§ **ACTIVITY**: Under this line are records; the part from the line containing "DIXEIGHT PVC Tote" through the line containing "Men's Nike White" should be repeated exactly. Please exclude pictures.

§ **EXERCISE DATA**:

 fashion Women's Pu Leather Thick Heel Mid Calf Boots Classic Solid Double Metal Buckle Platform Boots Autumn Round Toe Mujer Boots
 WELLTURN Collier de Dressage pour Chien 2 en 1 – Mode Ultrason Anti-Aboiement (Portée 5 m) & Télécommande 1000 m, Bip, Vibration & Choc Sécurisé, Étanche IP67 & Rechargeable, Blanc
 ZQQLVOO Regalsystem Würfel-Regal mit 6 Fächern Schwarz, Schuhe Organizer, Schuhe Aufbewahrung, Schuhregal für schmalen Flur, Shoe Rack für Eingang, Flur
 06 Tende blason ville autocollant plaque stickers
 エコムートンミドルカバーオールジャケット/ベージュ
* * *
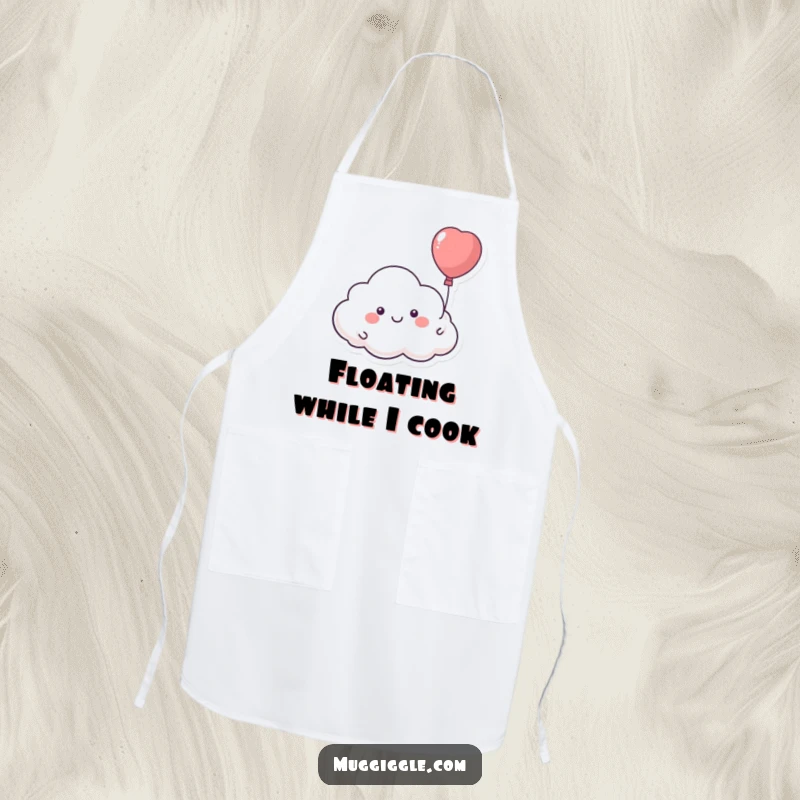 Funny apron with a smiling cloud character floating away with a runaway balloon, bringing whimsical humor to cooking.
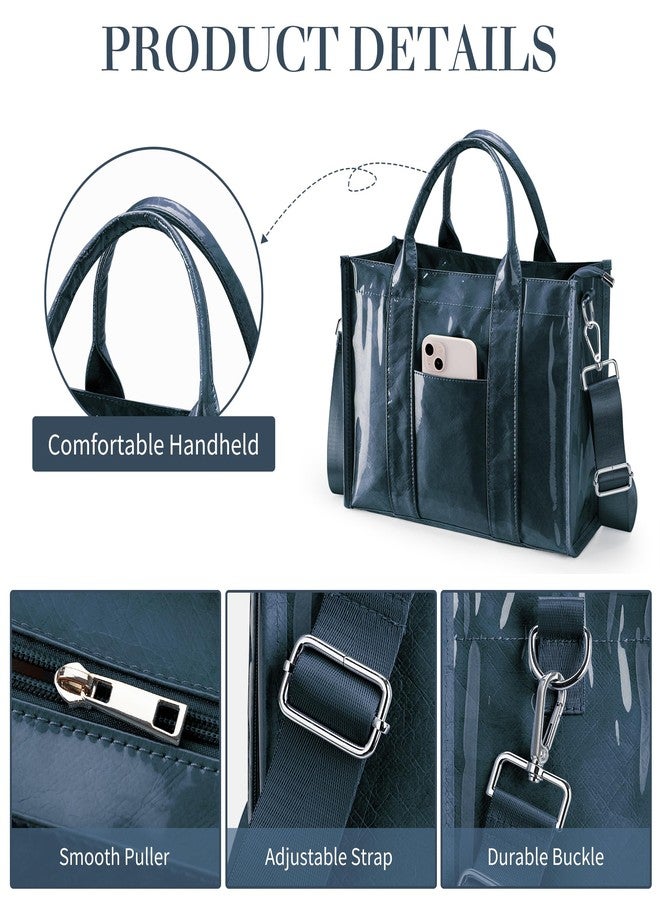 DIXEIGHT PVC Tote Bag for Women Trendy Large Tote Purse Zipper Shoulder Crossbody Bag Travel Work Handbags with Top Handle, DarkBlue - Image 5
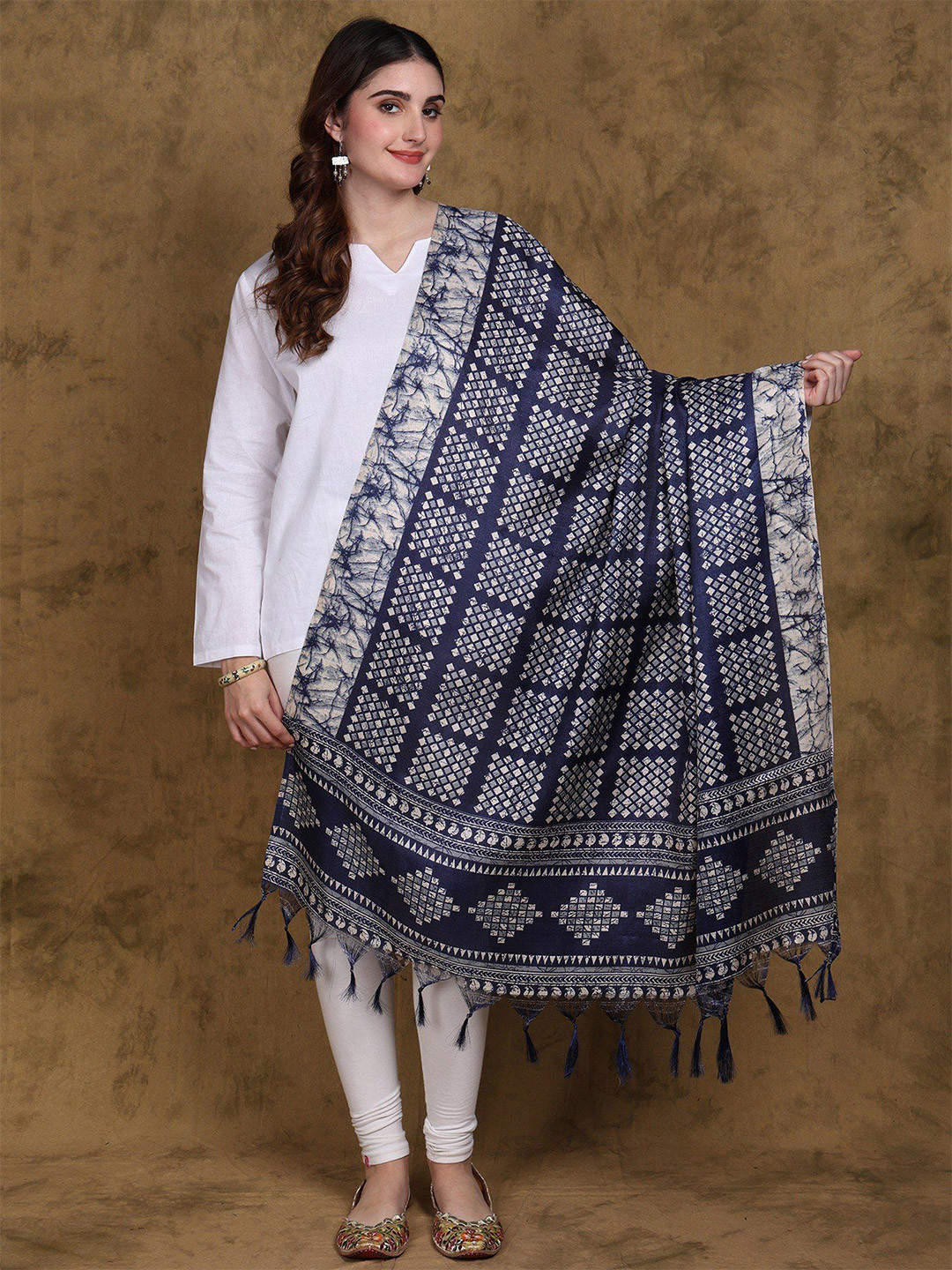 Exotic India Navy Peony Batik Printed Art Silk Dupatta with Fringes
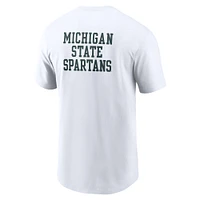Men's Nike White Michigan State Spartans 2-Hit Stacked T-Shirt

§ **ANSWER TO THIS PROBLEM**:
 DIXEIGHT PVC Tote Bag for Women Trendy Large Tote Purse Zipper Shoulder Crossbody Bag Travel Work Handbags with Top Handle, DarkBlue - Image 5
 Exotic India Navy Peony Batik Printed Art Silk Dupatta with Fringes
Men's Nike White Michigan State Spartans 2-Hit Stacked T-Shirt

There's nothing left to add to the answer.